▸ **REQUIRED WORK**
Only one stretch of the records below should be repeated. It starts with the line containing "98% Cotton /" and goes on through the line containing "Sudadera Unisex con", exactly as written.
(TASK INPUT)
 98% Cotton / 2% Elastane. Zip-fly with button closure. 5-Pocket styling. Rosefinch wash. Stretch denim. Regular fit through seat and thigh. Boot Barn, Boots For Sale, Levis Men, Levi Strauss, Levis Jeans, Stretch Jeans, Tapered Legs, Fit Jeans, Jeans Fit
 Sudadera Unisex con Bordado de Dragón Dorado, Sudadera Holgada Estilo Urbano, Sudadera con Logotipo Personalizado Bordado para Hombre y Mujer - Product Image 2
(End TASK INPUT)
(TASK INPUT)
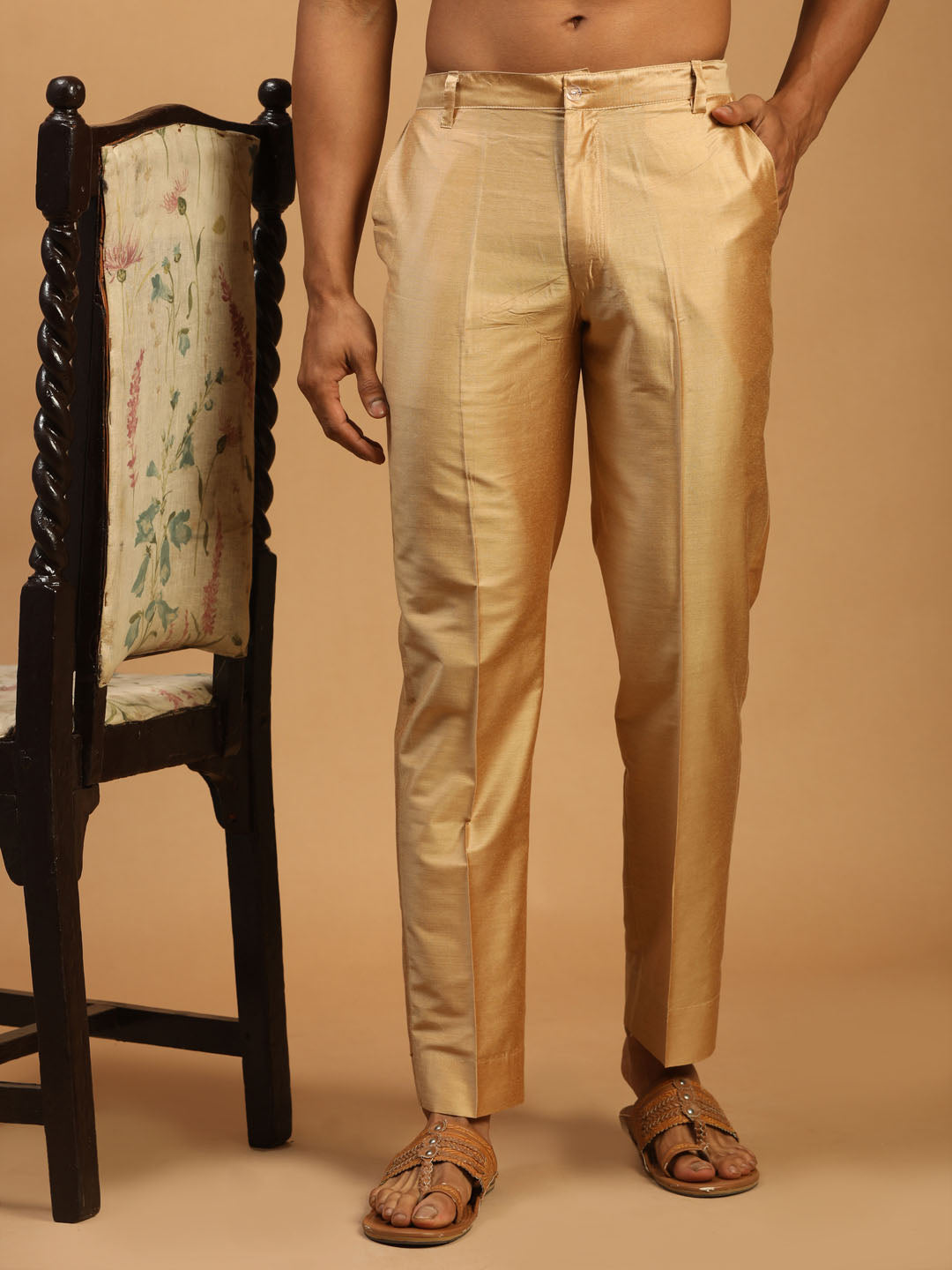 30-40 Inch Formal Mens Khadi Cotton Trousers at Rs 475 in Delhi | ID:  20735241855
(End TASK INPUT)
(TASK INPUT)
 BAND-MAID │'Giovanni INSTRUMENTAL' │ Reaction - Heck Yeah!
(End TASK INPUT)
▸ **ANSWER BOX**
 98% Cotton / 2% Elastane. Zip-fly with button closure. 5-Pocket styling. Rosefinch wash. Stretch denim. Regular fit through seat and thigh. Boot Barn, Boots For Sale, Levis Men, Levi Strauss, Levis Jeans, Stretch Jeans, Tapered Legs, Fit Jeans, Jeans Fit
 Sudadera Unisex con Bordado de Dragón Dorado, Sudadera Holgada Estilo Urbano, Sudadera con Logotipo Personalizado Bordado para Hombre y Mujer - Product Image 2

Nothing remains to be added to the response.